While most choose to watch the film either on Christmas or on Halloween, The Nightmare Before Christmas features references to other commonly celebrated holidays like Easter and Thanksgiving. It is because of this that I, among many others, choose to watch it throughout the year. While Christmas and Halloween are the main holidays celebrated in the movie, it is hard to ignore the other references. 

A prominent example of other holidays being shown in the film is when the main character, Jack Skellington, travels to a place in the woods of his home that has several oddly-shaped doors gathered in a circle.
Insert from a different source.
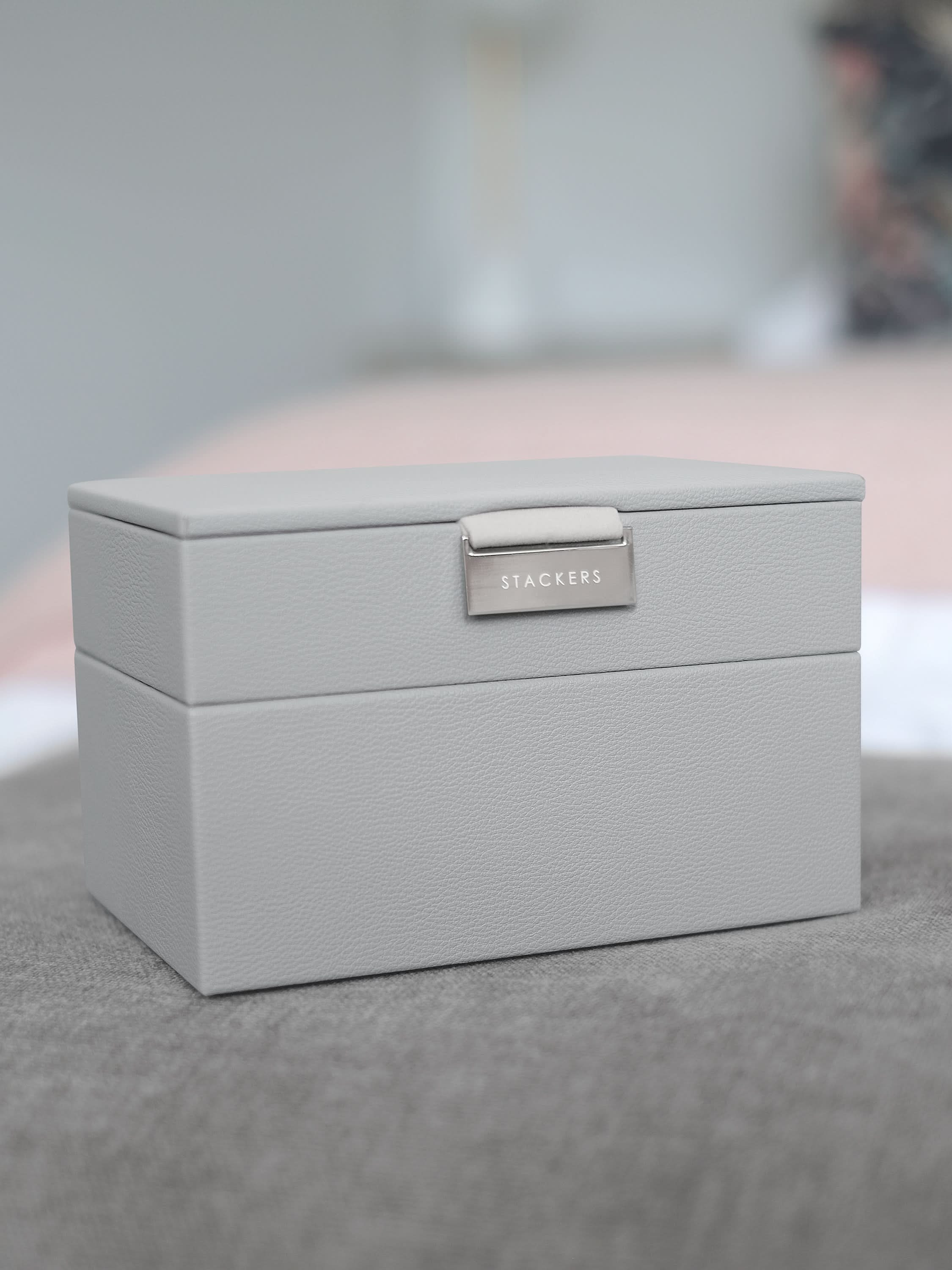 Stackers Mini Juwelendoos Set van 2 Grijs - Mystackers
As the camera pans around the circle, you can see very clearly that each door represents a different holiday. There are doors shaped like hearts, turkeys, colored eggs, and even a leprechaun hat. 
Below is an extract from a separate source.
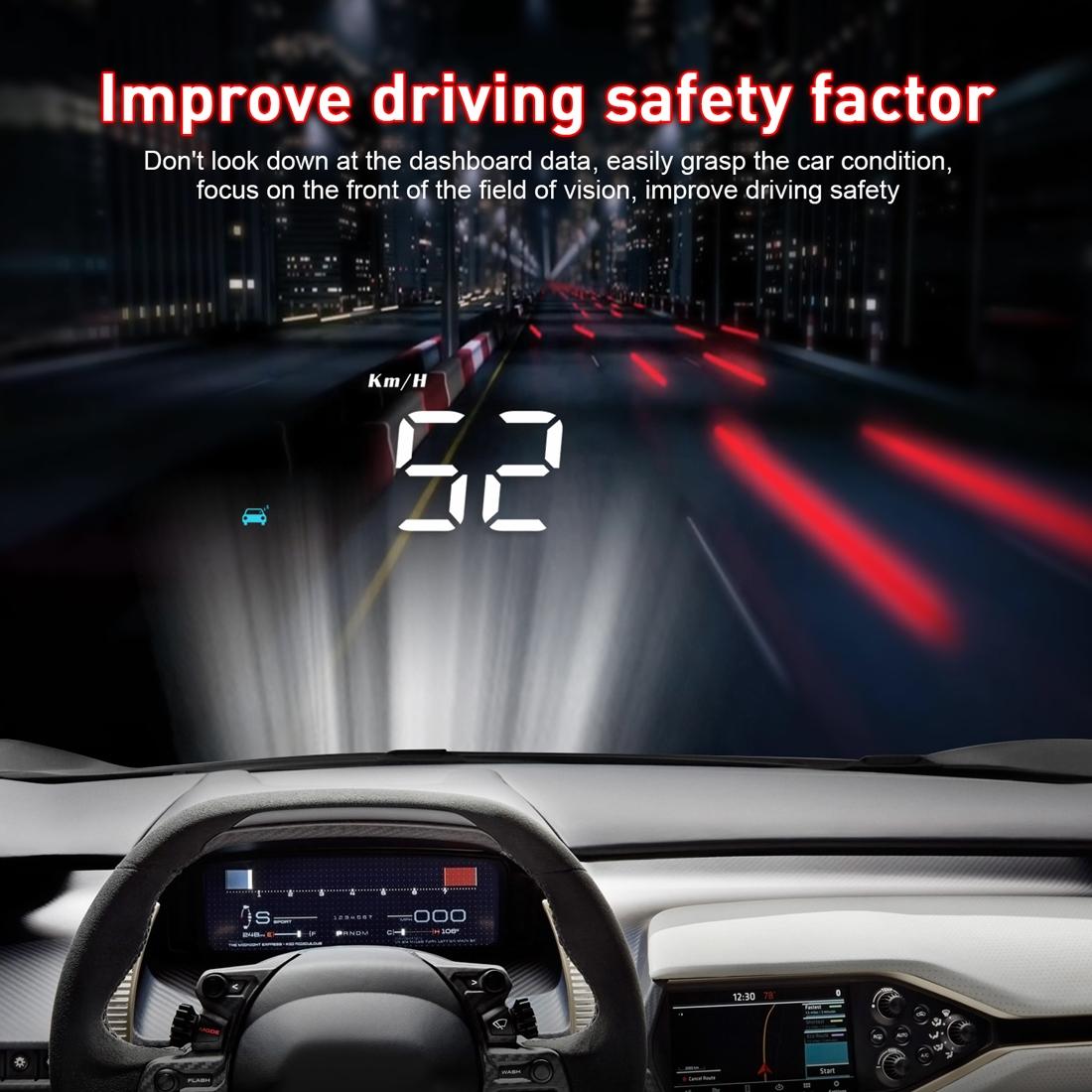 Universal Car Obd2 Hud 3.5 Inch Vehicle Head Up Display 8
Although the other holidays are not given as much representation as Halloween or Christmas, there are still other scenes where you can see symbols of them. One scene where this occurs is when the Easter 

Bunny is mistaken for Santa Claus and kidnapped by the three children; Lock, Shock, and Barrel. The children open the bag that he was being held in, and the bright pink bunny leaps out. 

While many still argue that the movie is for Christmas only, it is obvious that they are wrong. Just look at all of the scenes where you can see other holidays, or even the iconic introduction song “This Is Halloween.” 

The movie is truly a film made for every holiday. From bringing Christmas cheer to Halloween spooks, The Nightmare Before Christmas represents almost every basic holiday celebrated.